Palavras-chave: Hegel; Estado; Religião; culturalismo



NO PRINCÍPIO ERA O ESTADO


Ora, o que é capaz de libertar o ser humano de toda e qualquer autoridade exterior, que destrói sua liberdade, é a consciência de sua unidade e participação na liberdade absoluta. Todo fim particular pode submeter e escravizar o ser humano; só através da ligação ao fim ilimitado, absoluto, pode o ser humano encontrar sua transcendência sobre tudo o que ele experimenta. O ser humano só se pode tornar livre pela superação de seus limites, o que ele só pode conseguir através da experiência do caráter ilimitado do absoluto, enquanto liberdade absoluta. 
(Manfredo Araújo de Oliveira[4])

            Vivemos precisamente nesse ano de 2017 uma convergência das comemorações de grandes fatos históricos. Aos 200 anos da publicação da primeira edição da Enciclopédia das Ciências Filosóficas em Compêndio de Hegel, somam-se os 500 anos da publicação das 95 teses de Lutero[5], bem como os 100 anos da Revolução Russa[6]. Embora distantes no tempo, no espaço, e nas suas significações particulares, todos esses eventos convergem em ao menos um ponto essencial: todos eles permitem-nos avançar na compreensão da relação entre Estado e Religião.
            Se as teses de Lutero abalariam incisivamente a manutenção do poder milenar da Igreja de Roma, a reforma também influenciaria sobremaneira a constituição do pensamento de Hegel, inclusive tornando-se um dos temas centrais do filósofo que tinha consciência de sua fé Luterana (muito embora seus detratores não se abstivessem de questioná-la incessantemente).
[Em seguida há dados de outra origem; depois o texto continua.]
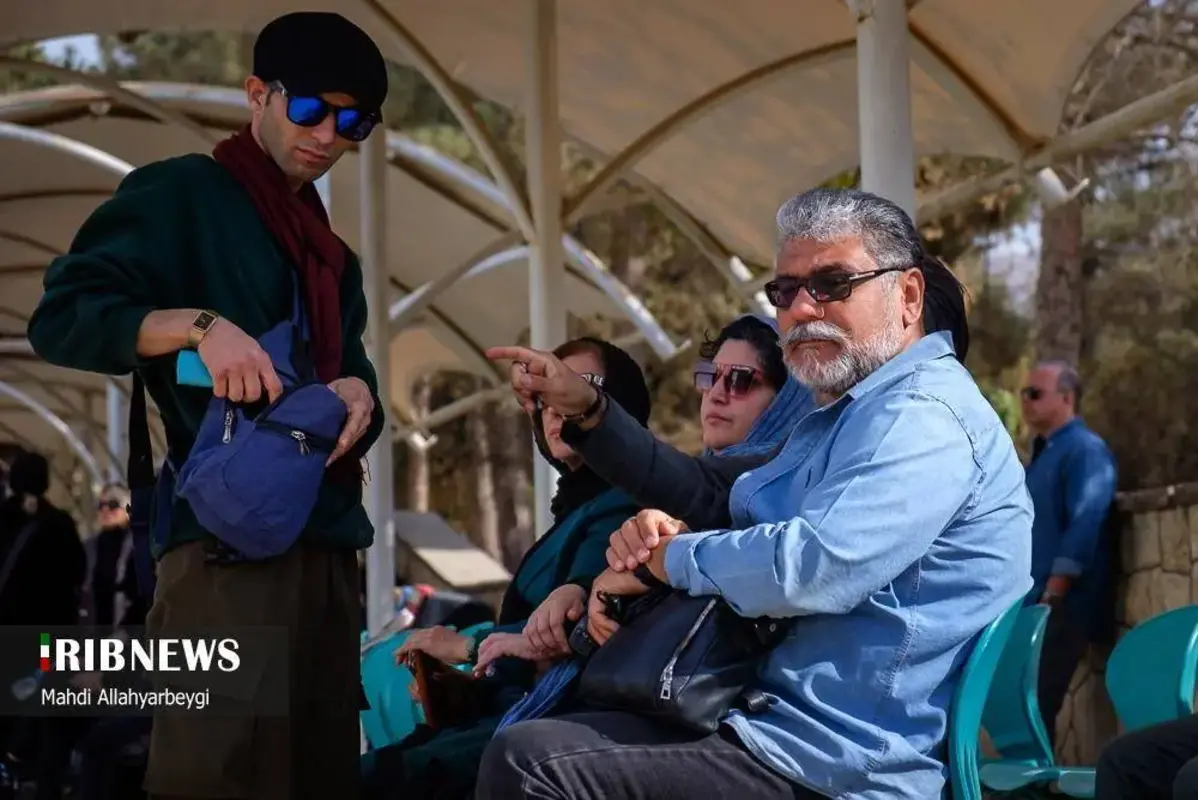 حاشیه مراسم تشییع پیکر همایون ارشادی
Por fim, a série de eventos que culminaram na Revolução Russa e na experiência de um socialismo real na História veria seu eclipse justamente na má compreensão de seus ideólogos acerca da centralidade da Religião na efetiva suprassunção do Espírito-de-um-povo no Estado[7].
            Entre esses eventos – ou seja, entre a efetivação de uma saudável e não subordinada relação entre Estado e Religião e a negação revolucionária dessa relação[8] – o pensamento de Hegel seria o momento de tomada de consciência tanto da importância dessa relação para a efetivação do Espírito na História, quanto da compreensão da complexidade dessa mesma relação para a dialetização das relações nas tríades do povo-instituições-Estado e fé-igreja-Estado, negando tanto a tomada do Estado pela moralidade (inclusive religiosa) subjetiva quanto pelos interesses imediatos da particularidade, mas compreendendo a importância da suprassunção de todos esses momentos na universalidade concreta do Estado.
O Estado é a efetividade da liberdade concreta; mas a liberdade concreta consiste em que a singularidade da pessoa e seus interesses particulares tenham tanto seu desenvolvimento completo e o reconhecimento de seu direito para si (no sistema da família e da sociedade civil-burguesa), como, em parte, passem por si mesmos ao interesse do universal, em parte, com seu saber e seu querer, reconheçam-o como seu próprio espírito substancial e são ativos para ele como seu fim último, isso de modo que nem o universal valha e possa ser consumado sem o interesse, o saber e o querer particulares, nem os indivíduos vivam meramente para esses últimos, enquanto pessoas privadas, sem os querer, ao mesmo tempo, no e para o universal e sem que tenham uma atividade eficaz consciente desse fim. [9]
            Se, conforme compreendemos a sistematicidade do pensamento hegeliano, ele bem compreendeu o papel das diversas religiões para as culturas de seus respectivos povos, por exemplo quando na Introdução à Filosofia da História ele afirma que “nas religiões, os homens produziram o que, para além da sua consciência, constitui o que há de mais elevado; elas são, por isso, a suprema obra da razão”[10]; é inegável que, também em sua obra, o cristianismo reformado desponta como momento de cumeada do pensamento ocidental e da consciência mais plena do Espírito Absoluto, como também bem percebeu Lima Vaz sobre a centralidade do pensamento cristão no Ocidente: “É indiscutível a justeza da intuição que une Ocidente e cristianismo numa comunidade de destino”[11]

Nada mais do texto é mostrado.